Öte yandan, Batı değerlerini taklit etme noktasında neredeyse körü körüne hareket eden, Batı’nın her uygulamasını olduğu gibi kabul eden bir yaklaşım da yanlış bir Atatürkçülük algısının parçası haline gelmiştir. Atatürk, Batı’yı hedef olarak değil, medeni bir seviyeyi aşmak için bir örnek olarak göstermiştir. Onun hedefi, bağımsız ve güçlü bir medeniyetin yükselmesiydi. Ancak bugün bazı çevreler, Atatürk’ü kendi toplumundan kopuk bir figür olarak göstermekte, bu yanlış algıdan dolayı da ona yabancılaşmaktadır. Bu durum, özellikle gençlerimizin onu yanlış tanımasına, tanımak istememesine neden oluyor.
Geçmişte herkesin büyük çoğunluğun yanlış algılara karşı sessiz kaldığını itiraf etmeliyiz. Atatürk’ü sadece ideolojik bir simge olarak görüp, gençlerimize komünizm ve kapitalizm gibi dış tehditlere karşı eğitim verirken, milli önderimizi yeterince sağlıklı bir şekilde tanıtilamamıştır.
Atatürk’ü doğru okumadan, onun düşünce yapısını ve ideallerini gençlerimize doğru aktarılamamıştır. Bugün İslam dünyasının içinde bulunduğu kaos ve çatışma ortamına bakınca, Atatürk’ün uzak görüşlülüğünü ve geleceği nasıl tahmin ettiğini daha iyi anlıyoruz.
Atatürk, Türkiye Cumhuriyeti’nin temellerini sağlam bir şekilde Cumhuriyet üzerine inşa ederken, laik ve üniter devlet yapısının önemini kavramış bir liderdi. Bu yapı sayesinde Türkiye, karşı karşıya kaldığı tüm zorluklara ve hatalı yönetimlere rağmen, bir dünya devleti olarak varlığını koruyabilmektedir.
Toplum önderleri olarak bizlere düşen en önemli görev, çarpıtılmış sloganlarla değil, Atatürk’ün çocukluk ve gençlik yıllarından itibaren kazandığı milli karakteri, sağlam devlet adamlığı ve idealist çizgisini doğru bir şekilde inceleyip, gençlerimize aktarmaktır.

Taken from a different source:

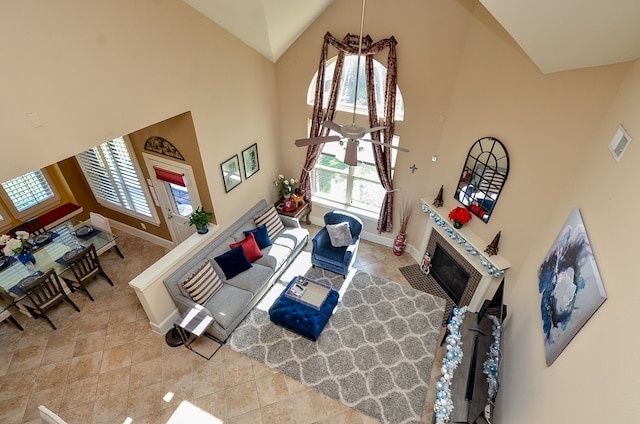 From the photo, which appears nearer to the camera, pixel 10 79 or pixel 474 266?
pixel 10 79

Atatürk’ü okuyan, araştıran ve anlayan gençler, dünyadaki her türlü zorlukla onurla mücadele edecek ve başarılı olacaktır. Atatürk’ü doğru anlayan devlet adamları, ülkemizi emperyalist güçlerin pençesine terk etmeyecek, dış mihraklara karşı dik duracaklardır.
Bugün maalesef Atatürk çizgisinden uzaklaşan bazı yönetimlerin ülkemizi tehlikeli maceralara sürüklediğini, kendi çıkarlarını milletin çıkarlarının önünde tuttuğunu görmekteyiz. Bizlerin bu tür politikalara karşı verdiği mücadelenin temel dayanağı, Atatürk’ün manda ve himayeye karşı olan tam bağımsızlık düşüncesidir.
Atatürk’ü ölüm yıldönümünde rahmetle anarken bir kez daha ifade etmek istiyorum: Ne kadar zorluk yaşarsak yaşayalım, Türkiye Cumhuriyeti Devleti’nin bir bütün olarak varlığını sürdürmesi ve milletimizin her türlü emperyalist saldırıya karşı direnç göstermesi, bizim en büyük görevimizdir.
Bu topraklarda yaşamanın onurunu ve bağımsızlığını gelecek nesillere aktarmak için Atatürk’ü okuyalım, anlayalım ve yaşatalım.